◆ **Problem to work on**: Skipping all images, output the listing word for word.

◆ **Raw data**:
──────────

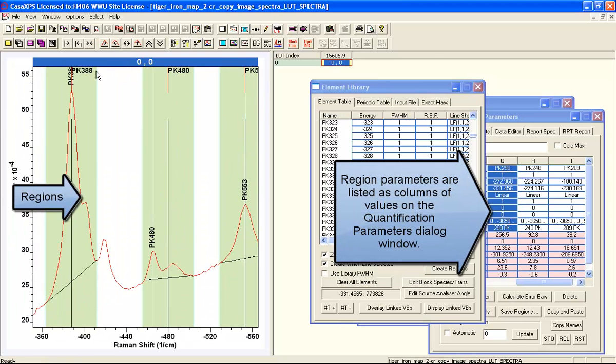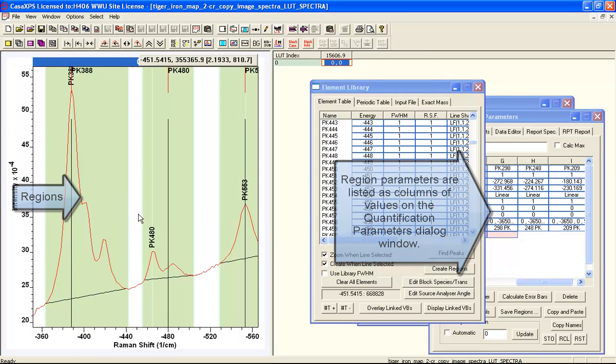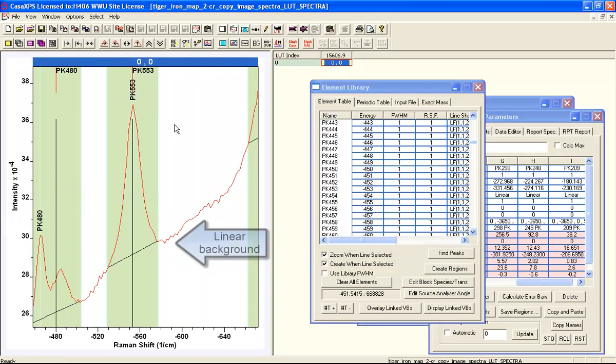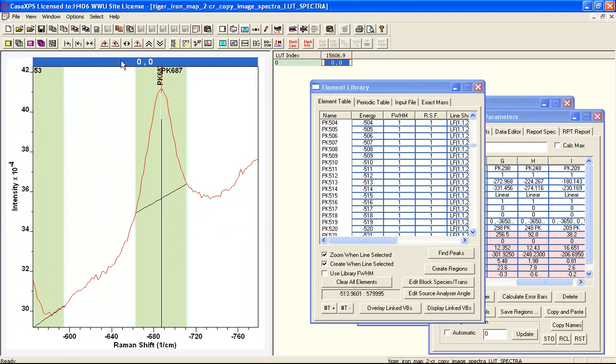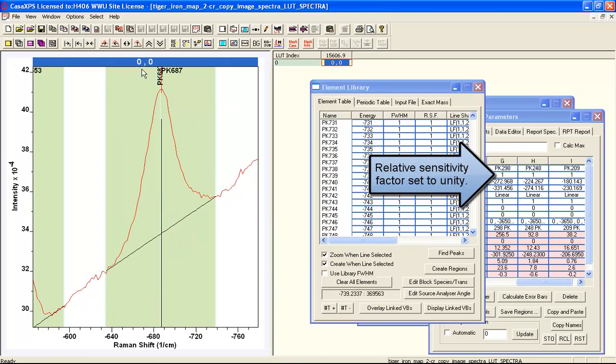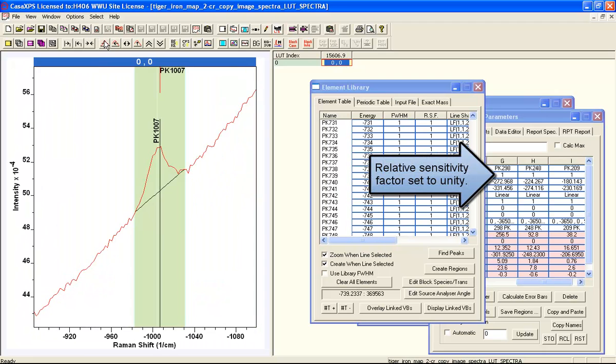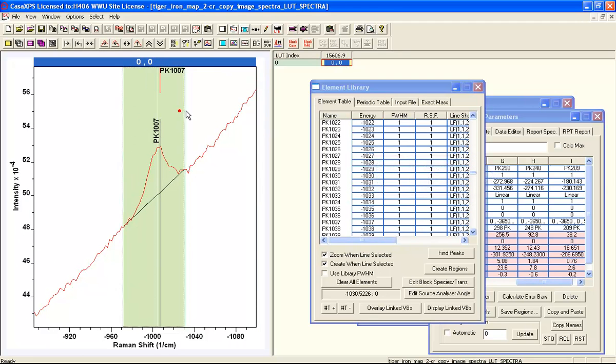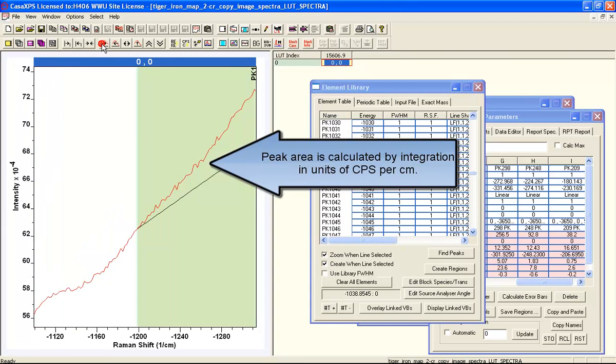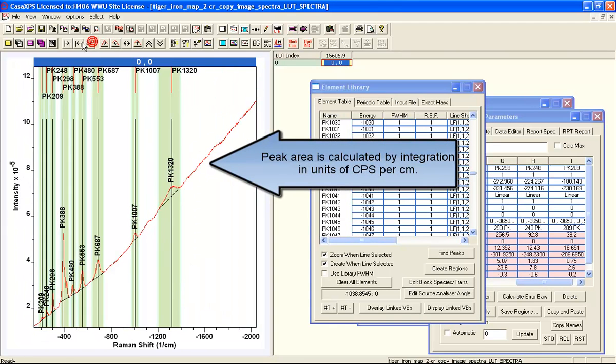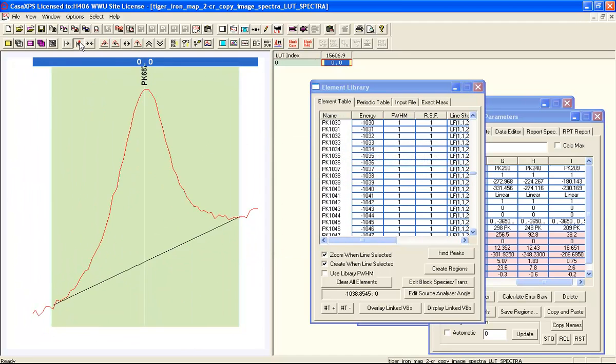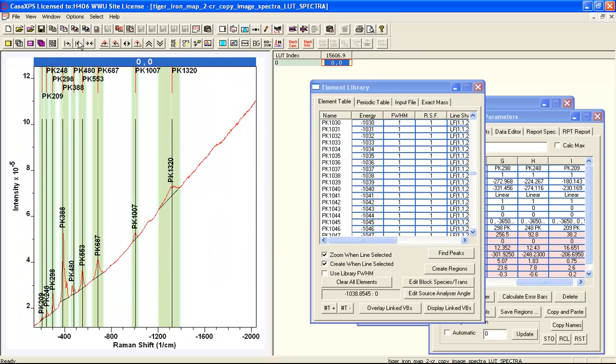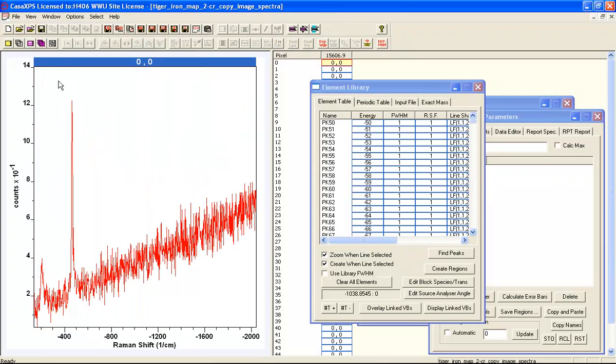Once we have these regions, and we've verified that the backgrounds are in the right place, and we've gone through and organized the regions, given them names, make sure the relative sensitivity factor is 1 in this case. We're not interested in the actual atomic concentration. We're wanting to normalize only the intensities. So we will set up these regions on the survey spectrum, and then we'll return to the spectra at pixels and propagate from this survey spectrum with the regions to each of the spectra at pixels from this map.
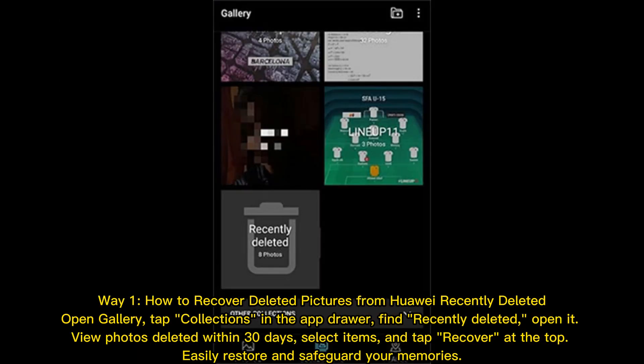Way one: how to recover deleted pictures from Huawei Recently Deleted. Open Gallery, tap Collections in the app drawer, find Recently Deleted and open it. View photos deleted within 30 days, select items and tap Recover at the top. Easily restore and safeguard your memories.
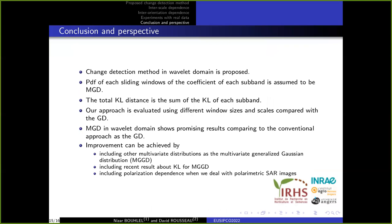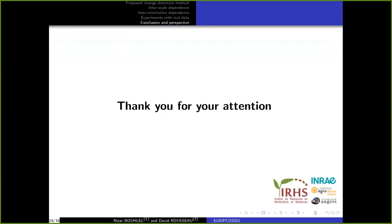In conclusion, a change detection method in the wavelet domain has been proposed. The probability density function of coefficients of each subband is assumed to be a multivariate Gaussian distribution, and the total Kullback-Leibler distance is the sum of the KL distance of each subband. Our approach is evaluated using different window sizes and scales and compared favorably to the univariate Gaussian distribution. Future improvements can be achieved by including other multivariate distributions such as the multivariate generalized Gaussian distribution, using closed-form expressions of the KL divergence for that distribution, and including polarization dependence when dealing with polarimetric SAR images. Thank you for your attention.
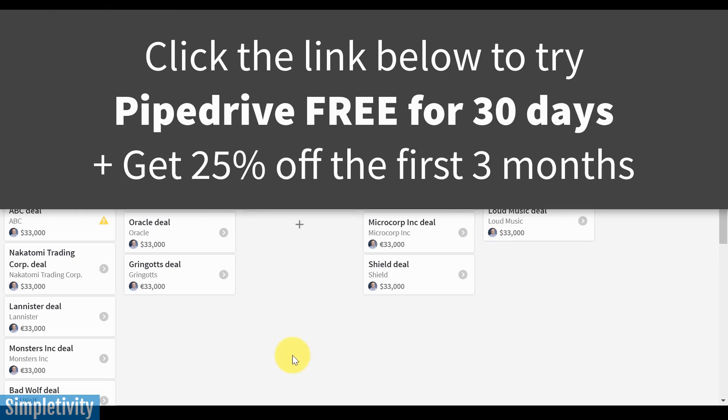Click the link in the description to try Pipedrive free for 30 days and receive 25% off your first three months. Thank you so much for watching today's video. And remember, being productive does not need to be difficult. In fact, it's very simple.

──────────

◆ **Written solution**:
Once we have these regions, and we've verified that the backgrounds are in the right place, and we've gone through and organized the regions, given them names, make sure the relative sensitivity factor is 1 in this case. We're not interested in the actual atomic concentration. We're wanting to normalize only the intensities. So we will set up these regions on the survey spectrum, and then we'll return to the spectra at pixels and propagate from this survey spectrum with the regions to each of the spectra at pixels from this map.
Way one: how to recover deleted pictures from Huawei Recently Deleted. Open Gallery, tap Collections in the app drawer, find Recently Deleted and open it. View photos deleted within 30 days, select items and tap Recover at the top. Easily restore and safeguard your memories.
In conclusion, a change detection method in the wavelet domain has been proposed. The probability density function of coefficients of each subband is assumed to be a multivariate Gaussian distribution, and the total Kullback-Leibler distance is the sum of the KL distance of each subband. Our approach is evaluated using different window sizes and scales and compared favorably to the univariate Gaussian distribution. Future improvements can be achieved by including other multivariate distributions such as the multivariate generalized Gaussian distribution, using closed-form expressions of the KL divergence for that distribution, and including polarization dependence when dealing with polarimetric SAR images. Thank you for your attention.
Click the link in the description to try Pipedrive free for 30 days and receive 25% off your first three months. Thank you so much for watching today's video. And remember, being productive does not need to be difficult. In fact, it's very simple.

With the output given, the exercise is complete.